Summary: I wrote this document based on my experience validating a risk assessment instrument. These were some of the issues, rewritten for generalizability, that we encountered. Accessible, quality data is often a project bottleneck, and I’ve found these helpful to consider before working on a project with criminal justice data.
Comments: I wrote these notes in the context of evaluating a risk assessment instrument, so “risk factors” are independent variables and “outcomes” are dependent variables.
- Data System Diversity – Risk factor information can require data from several systems, potentially including individual demographic data, pretrial systems data, criminal history data, arrest data, jail booking data, and court disposition data.
- Agency Diversity – An individual jurisdiction can also have multiple courts, jails, and other agencies that maintain the same type of data but stored in different systems.
- Data Encoding Diversity – These data are often encoded in different ways across different systems, requiring reconciliation.
- Insufficient Data Definition – Jurisdictions or agencies might not define or capture specific data required for risk factors or outcomes if it’s not required for existing systems.
- e.g. Felony/Misdemeanor offense information is commonly captured, but violent/non-violent offense information is often not. An accurate lookup of whether an offense is violent might not exist.
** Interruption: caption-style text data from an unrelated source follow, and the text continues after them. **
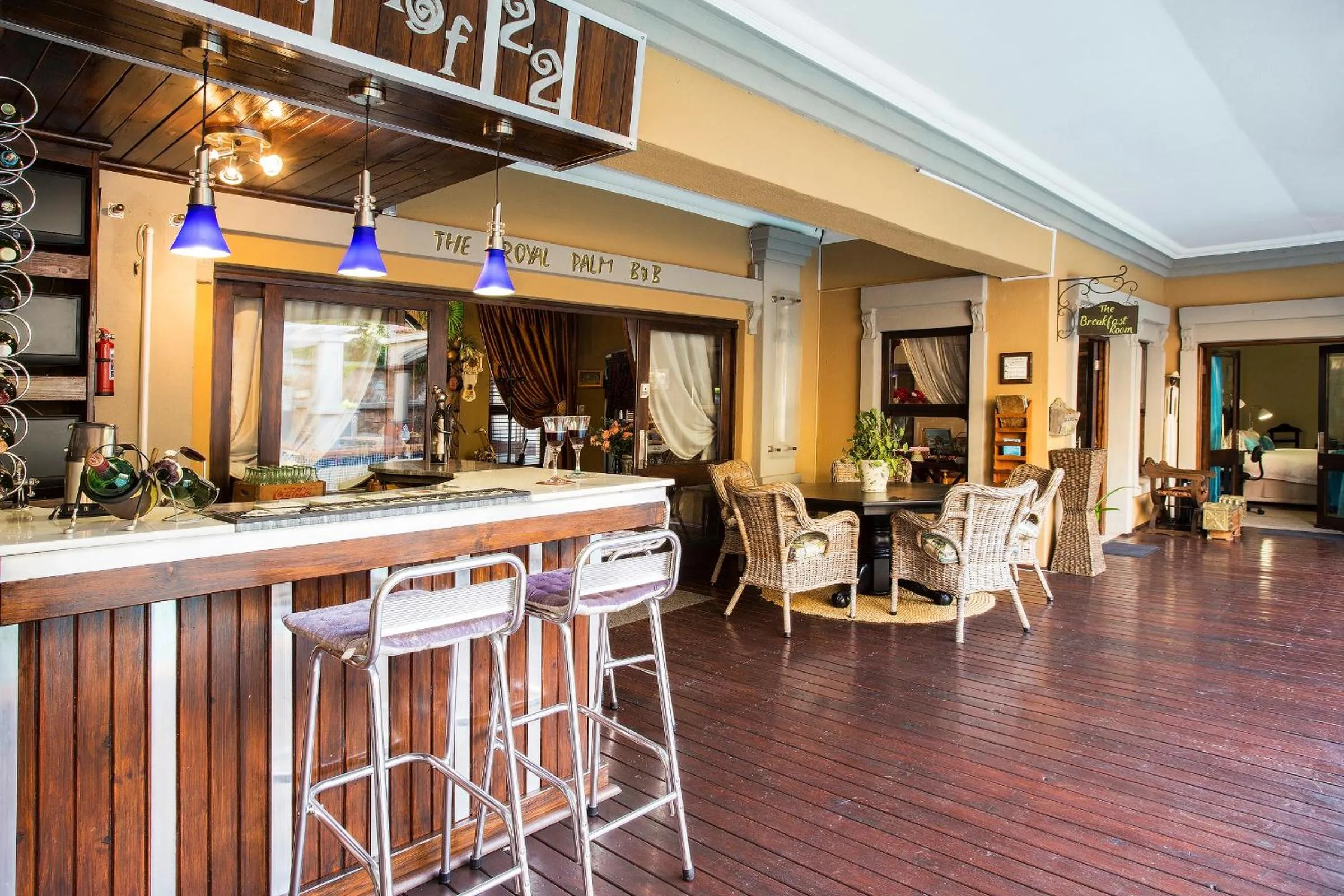 Activities in The Royal Palm B&B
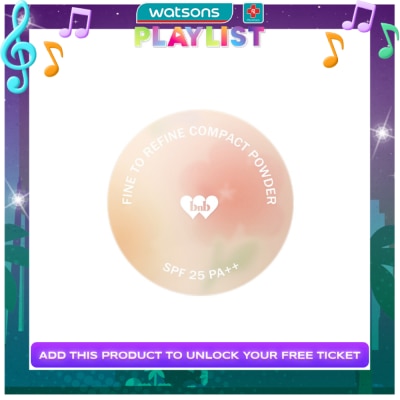 BARENBLISS Fine To Refine Compact Powder - 01 Fair Light Petal 6g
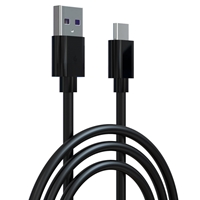 Prevo USBA-USBC-2M Data Cable, USB 2.0 Type-A (M) to USB 2.0 Type-C (M), 2m, Black, Fast Charging up to 2.1A / 5V, Nickel Plated Connectors, Superior Design & Performance, Retail Box Packaging - Image 6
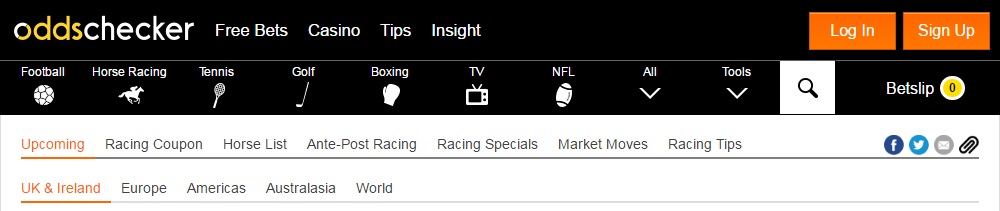 Click through to choose your event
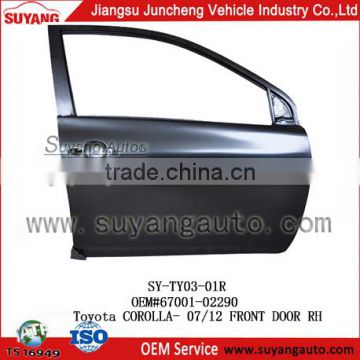 Toyota Corolla 07-12 auto spare parts with ISO/TS-16949 certification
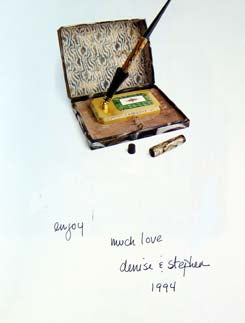 FOUNTAIN PENS - THE COLLECTOR'S GUIDE TO SELECTING, BUYING, AND ENJOYING NEW AND VINTAGE FOUNTAIN PENSby JONATHAN STEINBERG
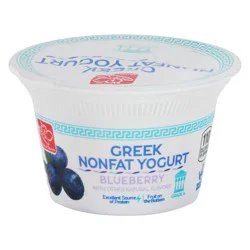 Harris Teeter™ Blueberry Nonfat Greek Yogurt Cup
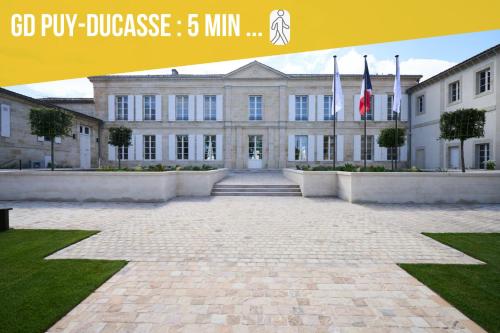 Pauillac côté confort 2pièces face à la Gironde (Pauillac cote confort 2pieces face a la Gironde) in Pauillac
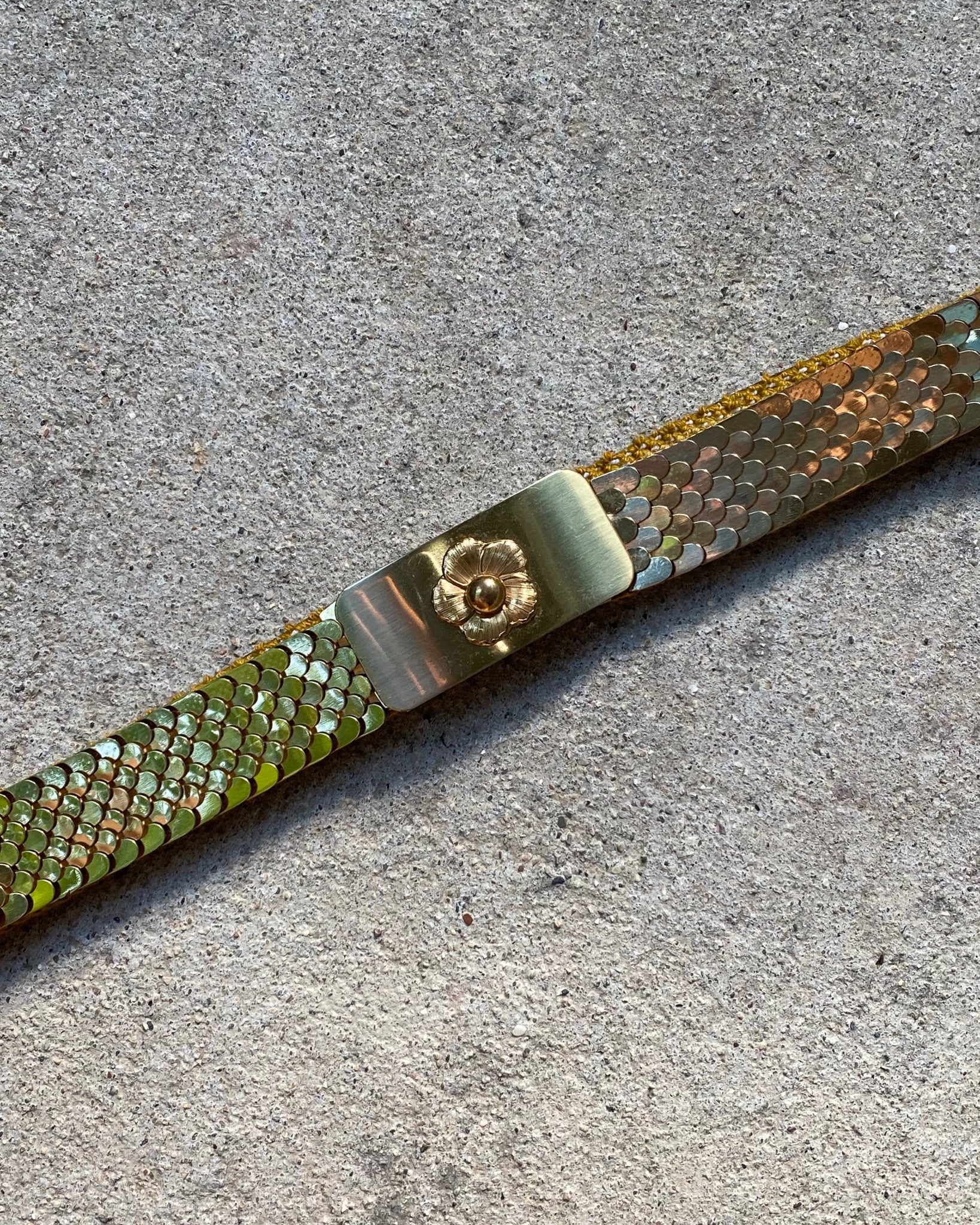 Gold Stretch Belt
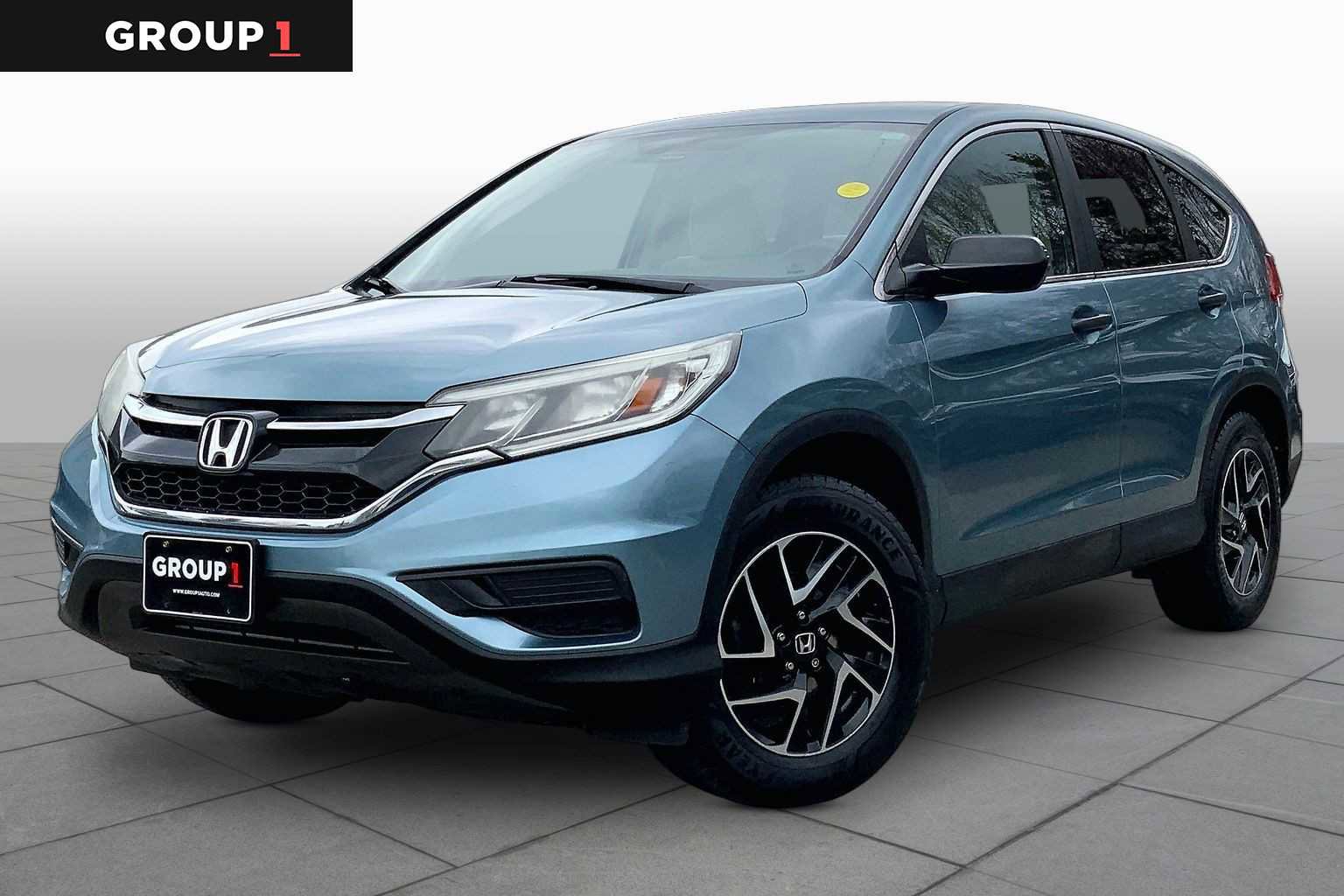 Used 2016 Honda CR-V SE image 1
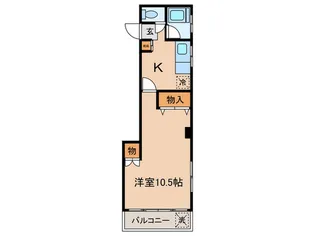 斉藤ビル【4階】の間取り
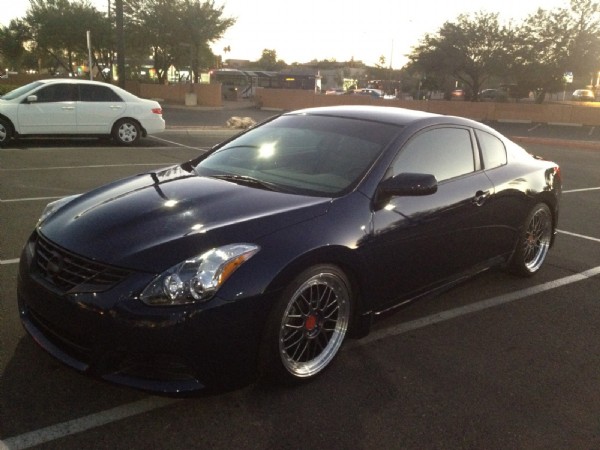 Nissan Altima Coupe Custom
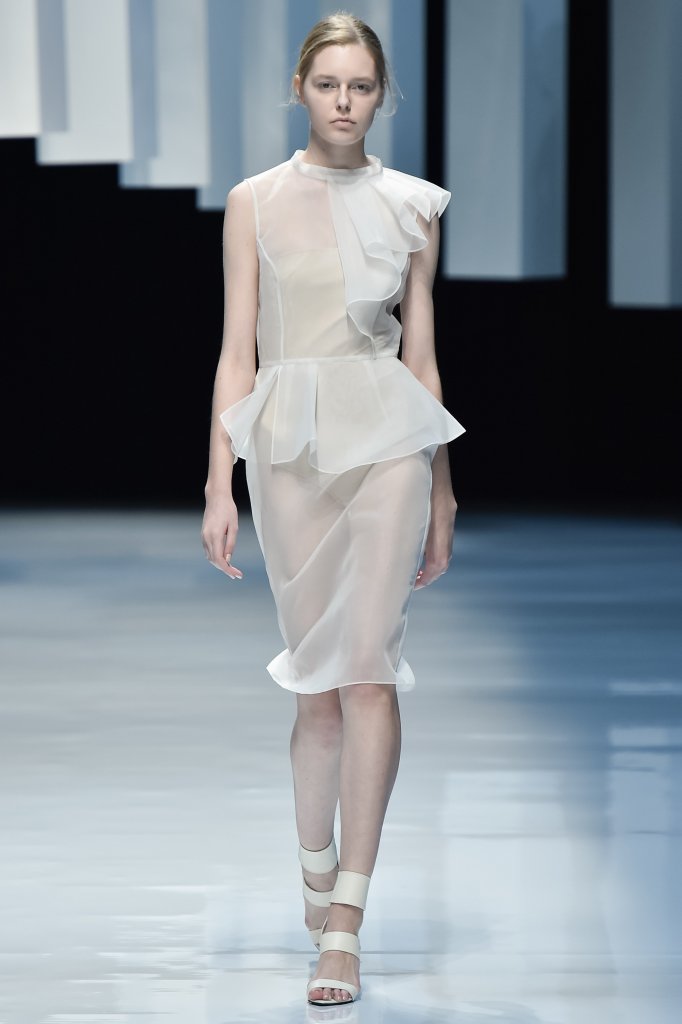 Hanae Mori Manuscrit 2016春夏系列时装发布秀 - Tokyo Spring 2016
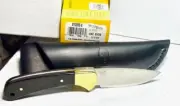 Buck 113 Ranger Skinner 420HC steel, drop point blade fixed blade Knife w/sheath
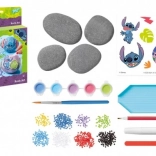 kreatywny zestaw do malowania i zdobienia kamieni Stitch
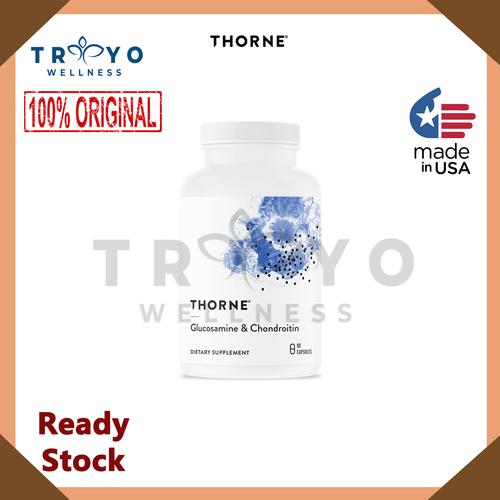 Promo Thorne Glucosamine Chondroitin MSM jaga sendi & tulang rawan
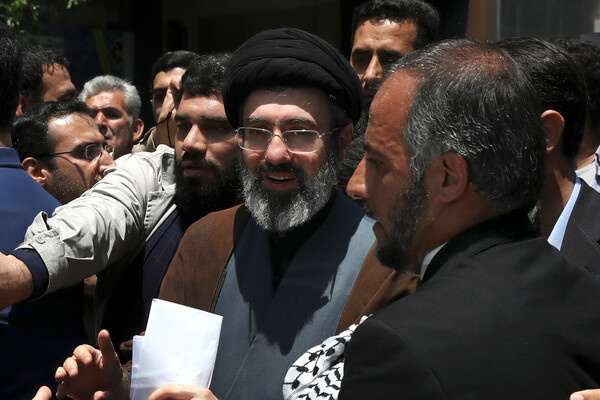 Моджтаба Хаменеи / Vahid Salemi/AP   📷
- Definitional Diversity – Definitions of criminal history factors and severity may differ across jurisdictions.
- Intra-Agency System Changes – Agencies adopt new systems for the same data over time.
- This requires linking records for an individual across time.
- Legacy systems may not have every piece of requisite data for an accurate criminal history.
- Jurisdictions have different practices for archiving historical data from legacy data systems. For example, full criminal history information may be unavailable.
- Individual Data Veracity – The consistency of the data for any one individual varies across all of these systems.
- Reconciling various demographic descriptors (such as Hispanicity) across these systems has implications for determining predictive bias.
- Documentation Quality – Documentation about the data in different systems is often incomplete, out-of-date, or incorrect.
- Proprietary System Inconsistencies – Proprietary systems can store data in different formats and have different options for exporting data.
- Absence of New Data Storage – Scores from risk assessment instruments, as well as decisions made using them, aren’t stored in existing systems. This requires historical analysis (i.e. revalidation) based off risk factors where a real-time analysis with calculated assessment scores would be more precise.